Nessuna persona di buon senso nega l’utilità delle conquiste tecnologiche, smartphone incluso. Ma evidenze scientifiche e cliniche evidenziano ormai vere e proprie dipendenze giovanili (sul digitale pullulano “architetture” destinate a trattenere l’utente il più possibile), che impattano con la sfera fisica, mentale e socio-relazionale, dovute ad una fuga dal reale al virtuale – dalla vita vera alla fittizia - che sovente crea fragilità devastanti. 

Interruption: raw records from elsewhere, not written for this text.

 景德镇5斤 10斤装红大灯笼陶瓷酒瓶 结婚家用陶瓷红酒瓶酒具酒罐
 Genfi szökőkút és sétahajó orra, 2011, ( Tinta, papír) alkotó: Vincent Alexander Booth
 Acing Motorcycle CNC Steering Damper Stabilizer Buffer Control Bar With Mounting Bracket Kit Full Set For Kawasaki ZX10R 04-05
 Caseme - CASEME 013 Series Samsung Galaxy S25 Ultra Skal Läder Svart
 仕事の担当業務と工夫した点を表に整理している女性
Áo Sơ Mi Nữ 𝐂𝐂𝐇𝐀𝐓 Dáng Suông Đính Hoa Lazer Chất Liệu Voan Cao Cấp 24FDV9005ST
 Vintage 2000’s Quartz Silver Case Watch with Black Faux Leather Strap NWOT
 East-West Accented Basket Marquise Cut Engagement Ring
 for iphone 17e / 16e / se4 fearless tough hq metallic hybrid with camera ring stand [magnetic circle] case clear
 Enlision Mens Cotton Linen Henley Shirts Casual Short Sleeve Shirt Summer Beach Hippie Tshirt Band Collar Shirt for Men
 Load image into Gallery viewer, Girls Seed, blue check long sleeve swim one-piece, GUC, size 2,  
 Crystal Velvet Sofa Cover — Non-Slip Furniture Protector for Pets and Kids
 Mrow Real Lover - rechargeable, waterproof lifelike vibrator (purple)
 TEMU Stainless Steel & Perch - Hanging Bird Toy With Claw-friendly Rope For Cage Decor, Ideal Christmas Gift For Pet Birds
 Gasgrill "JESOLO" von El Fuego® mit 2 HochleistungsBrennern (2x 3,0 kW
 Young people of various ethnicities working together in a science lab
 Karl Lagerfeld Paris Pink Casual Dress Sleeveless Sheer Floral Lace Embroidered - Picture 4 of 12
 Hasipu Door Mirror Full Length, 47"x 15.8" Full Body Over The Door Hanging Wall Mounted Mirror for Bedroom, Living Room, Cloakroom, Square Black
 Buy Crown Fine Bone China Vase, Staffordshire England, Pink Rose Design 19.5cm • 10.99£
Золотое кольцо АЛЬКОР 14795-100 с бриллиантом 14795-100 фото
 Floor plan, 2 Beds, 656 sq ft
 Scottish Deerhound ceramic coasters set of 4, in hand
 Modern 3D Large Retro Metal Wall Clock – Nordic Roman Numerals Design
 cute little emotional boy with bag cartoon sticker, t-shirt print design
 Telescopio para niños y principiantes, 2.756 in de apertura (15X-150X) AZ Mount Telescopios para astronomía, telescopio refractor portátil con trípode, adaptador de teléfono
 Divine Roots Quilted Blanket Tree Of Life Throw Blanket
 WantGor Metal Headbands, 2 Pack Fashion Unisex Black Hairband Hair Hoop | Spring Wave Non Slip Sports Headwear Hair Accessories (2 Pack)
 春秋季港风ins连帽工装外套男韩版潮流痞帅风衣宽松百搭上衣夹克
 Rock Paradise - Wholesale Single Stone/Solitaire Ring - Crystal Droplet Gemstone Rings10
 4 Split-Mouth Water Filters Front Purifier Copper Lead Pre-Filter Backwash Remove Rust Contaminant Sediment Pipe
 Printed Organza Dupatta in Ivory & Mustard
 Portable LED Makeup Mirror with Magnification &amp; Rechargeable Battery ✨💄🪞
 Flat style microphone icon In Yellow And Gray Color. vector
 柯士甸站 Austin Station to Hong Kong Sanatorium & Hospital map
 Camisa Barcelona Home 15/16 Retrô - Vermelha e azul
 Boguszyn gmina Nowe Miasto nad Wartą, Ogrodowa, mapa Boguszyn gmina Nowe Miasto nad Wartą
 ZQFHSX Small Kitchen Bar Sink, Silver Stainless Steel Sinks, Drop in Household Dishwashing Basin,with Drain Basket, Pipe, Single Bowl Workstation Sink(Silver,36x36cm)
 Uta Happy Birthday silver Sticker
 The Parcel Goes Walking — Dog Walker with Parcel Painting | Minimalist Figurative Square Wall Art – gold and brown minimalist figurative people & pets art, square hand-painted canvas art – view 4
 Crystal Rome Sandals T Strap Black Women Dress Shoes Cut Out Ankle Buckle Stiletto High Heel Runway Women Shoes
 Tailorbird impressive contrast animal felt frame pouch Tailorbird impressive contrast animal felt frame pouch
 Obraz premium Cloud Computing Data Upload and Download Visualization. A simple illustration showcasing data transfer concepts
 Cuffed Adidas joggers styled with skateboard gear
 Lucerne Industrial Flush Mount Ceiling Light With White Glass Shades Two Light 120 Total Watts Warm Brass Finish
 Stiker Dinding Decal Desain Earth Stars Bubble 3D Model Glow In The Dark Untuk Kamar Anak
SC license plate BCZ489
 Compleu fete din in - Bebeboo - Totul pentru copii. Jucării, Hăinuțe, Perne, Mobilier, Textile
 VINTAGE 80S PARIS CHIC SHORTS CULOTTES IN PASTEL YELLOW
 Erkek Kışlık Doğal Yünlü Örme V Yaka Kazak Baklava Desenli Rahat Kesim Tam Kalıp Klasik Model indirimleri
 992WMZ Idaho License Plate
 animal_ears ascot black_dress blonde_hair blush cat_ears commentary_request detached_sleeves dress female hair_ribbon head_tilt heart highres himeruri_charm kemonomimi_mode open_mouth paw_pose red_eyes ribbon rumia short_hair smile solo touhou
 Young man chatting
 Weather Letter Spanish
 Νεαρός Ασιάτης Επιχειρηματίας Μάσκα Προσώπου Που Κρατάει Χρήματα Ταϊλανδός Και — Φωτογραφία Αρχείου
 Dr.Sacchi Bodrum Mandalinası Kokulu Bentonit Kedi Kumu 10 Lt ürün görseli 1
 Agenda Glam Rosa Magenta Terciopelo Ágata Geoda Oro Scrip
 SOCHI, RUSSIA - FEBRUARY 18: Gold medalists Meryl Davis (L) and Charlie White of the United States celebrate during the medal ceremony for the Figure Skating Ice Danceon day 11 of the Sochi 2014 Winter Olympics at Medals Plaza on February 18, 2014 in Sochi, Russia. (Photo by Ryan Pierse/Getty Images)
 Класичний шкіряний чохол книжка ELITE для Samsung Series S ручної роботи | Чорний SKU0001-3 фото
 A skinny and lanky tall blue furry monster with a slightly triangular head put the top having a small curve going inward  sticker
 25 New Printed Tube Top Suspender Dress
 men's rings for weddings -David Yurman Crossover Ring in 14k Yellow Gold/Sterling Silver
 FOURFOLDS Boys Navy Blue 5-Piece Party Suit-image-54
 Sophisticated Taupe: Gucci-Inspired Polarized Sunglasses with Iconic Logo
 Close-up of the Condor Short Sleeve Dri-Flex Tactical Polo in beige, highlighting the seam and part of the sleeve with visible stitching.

A livello di “sintomi”, via via dal 2010 si tratta in primis di deprivazione del sonno, scarsa relazionalità, deficit di attenzione… A ciò si aggiunga che un giovane d’oggi padroneggia un numero di parole enormemente minore rispetto ad un coetaneo di vent’anni or sono. 

Molti genitori giustificano la propria scelta e “impotenza” dicendo “L’ho regalato a mio figlio perché l’avevano tutti”, e paiono non rendersi conto di ciò che sovente si incontra online (ladri di dati, pornografia, bullismo…) e che può condizionare i comportamenti dei loro figli. Ma “addiction” significa anche in questo caso che lo smartphone involve a trappola, a schiavitù, anche perché il cervello dei giovani è assai vulnerabile all’ingaggio dei contenuti usa e getta, delle chat, dei videogiochi…, che sono vissuti come stimoli in grado di dare gratificazione immediata, e si crea un circolo vizioso, di bulimie accelerate, per cui più si “gode”, più si desidera godere, lo scrolling si fa ipnotico. In modo compulsivo e reiterato. Ecco perché molti giovani trascorrono l’intera giornata chiusi nella propria stanza, isolati, anziché frequentare coetanei, fare sport... 

Il tema propone un’urgenza che non è più governabile solo a livello genitoriale, occorre una “tutela” da parte dei sistemi educativi nel loro insieme, un movimento di pensiero che si muova in molte direzioni, e occorre – per fronteggiare ciò che ormai è un’epidemia - un messaggio nitido anche da parte dello Stato. Là dove, fra l’altro, quei giovani che vanno sempre più “ingobbendosi” e ammalandosi saranno gli adulti di domani, e riesce difficile pensare che useranno lo smartphone solo come strumento di lavoro e – ma con giudizio - di “buon” svago… 

Nel frattempo, mi piace suggerire - nella saggistica sul tema, per fortuna già nutrita - la lettura del recentissimo Jonathan Haidt (psicologo e padre a propria volta di due adolescenti), “La generazione ansiosa”, ed. Rizzoli.